DATASET RECORDS START

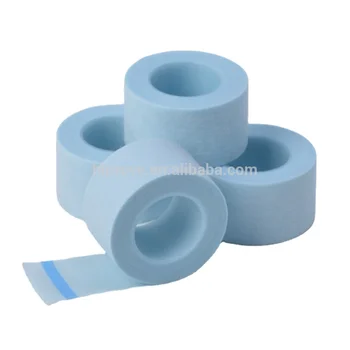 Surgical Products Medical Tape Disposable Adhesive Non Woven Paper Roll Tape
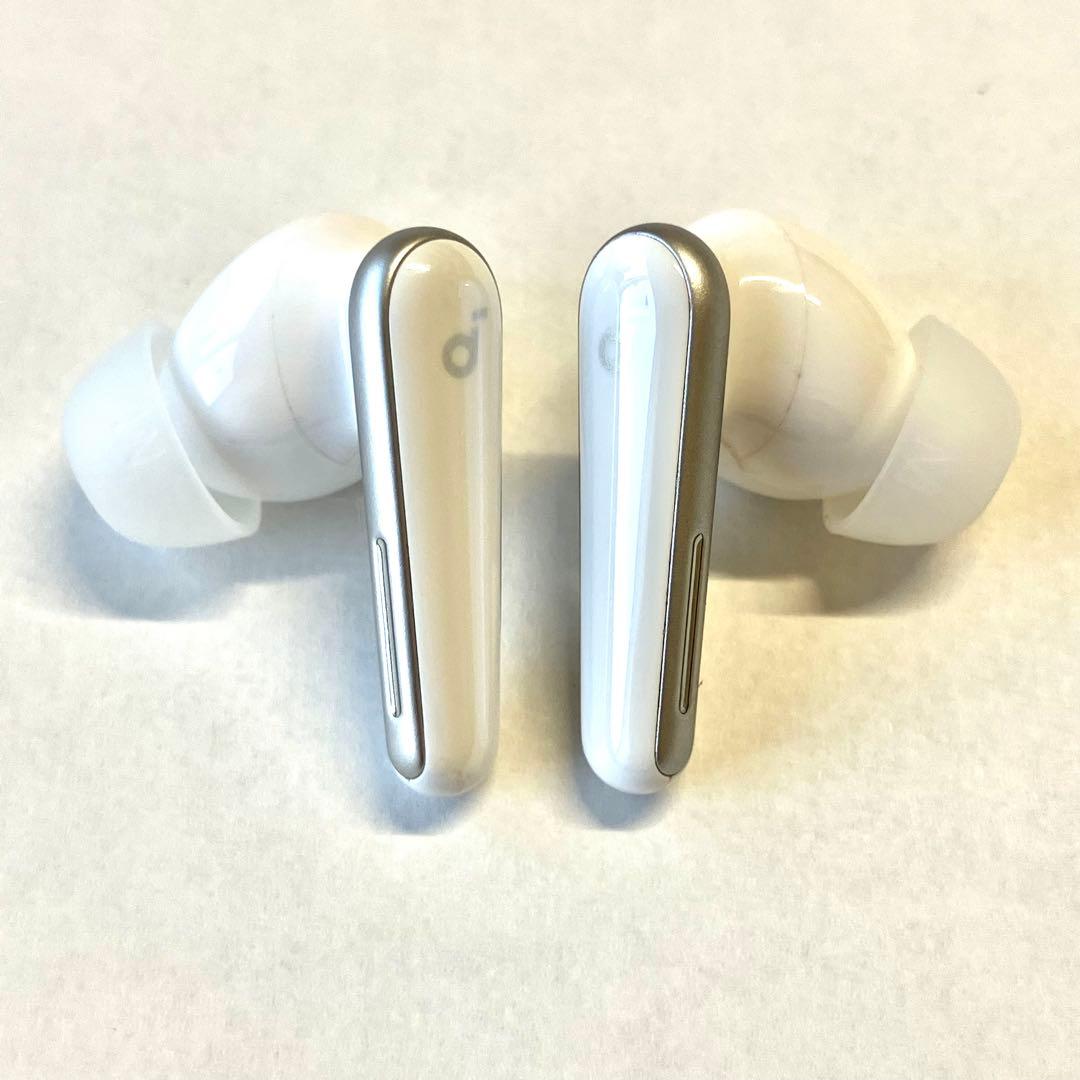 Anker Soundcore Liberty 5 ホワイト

DATASET RECORDS END
DATASET RECORDS START

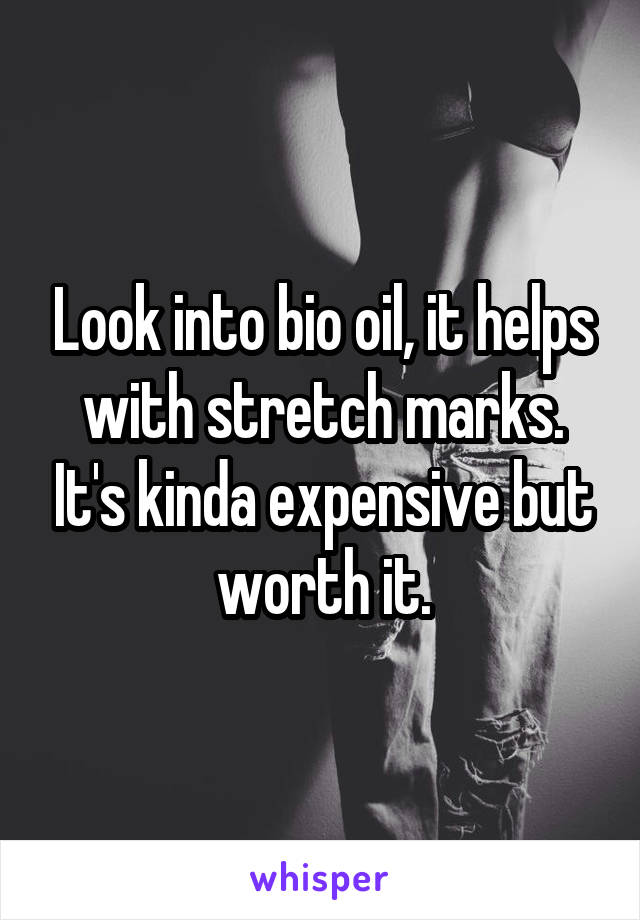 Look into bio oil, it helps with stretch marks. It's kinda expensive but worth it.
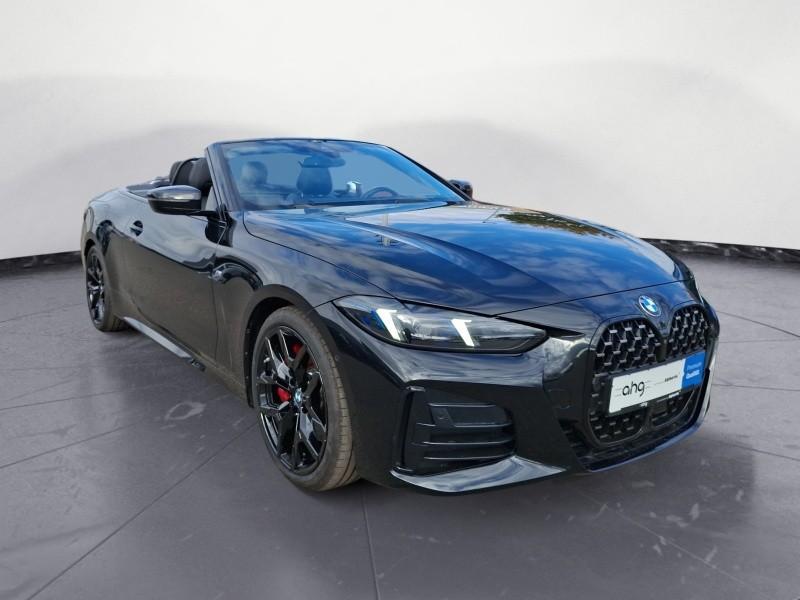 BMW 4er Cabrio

DATASET RECORDS END
DATASET RECORDS START

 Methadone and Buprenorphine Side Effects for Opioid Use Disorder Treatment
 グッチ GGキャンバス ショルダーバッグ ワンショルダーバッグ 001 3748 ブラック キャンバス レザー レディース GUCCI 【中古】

DATASET RECORDS END

## EXERCISE BRIEF
Look above for the line with "Surgical Products Medical" and the line with "Anker Soundcore Liberty 5 ホワイト"; set down those two lines and all lines between them exactly, without pictures and without anything else.

## RESULT
 Surgical Products Medical Tape Disposable Adhesive Non Woven Paper Roll Tape
 Anker Soundcore Liberty 5 ホワイト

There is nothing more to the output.